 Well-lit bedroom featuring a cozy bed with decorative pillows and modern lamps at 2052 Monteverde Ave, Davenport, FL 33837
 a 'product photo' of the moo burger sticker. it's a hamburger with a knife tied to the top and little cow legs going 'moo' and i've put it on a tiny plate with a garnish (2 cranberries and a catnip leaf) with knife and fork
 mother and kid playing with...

..............................

▶ [WHAT IS EXPECTED]
Each of the lines from the one that contains "a 'product photo'" through the last line of the data needs to be repeated exactly, with no others.

▶ [TASK RESULT]
 a 'product photo' of the moo burger sticker. it's a hamburger with a knife tied to the top and little cow legs going 'moo' and i've put it on a tiny plate with a garnish (2 cranberries and a catnip leaf) with knife and fork
 mother and kid playing with...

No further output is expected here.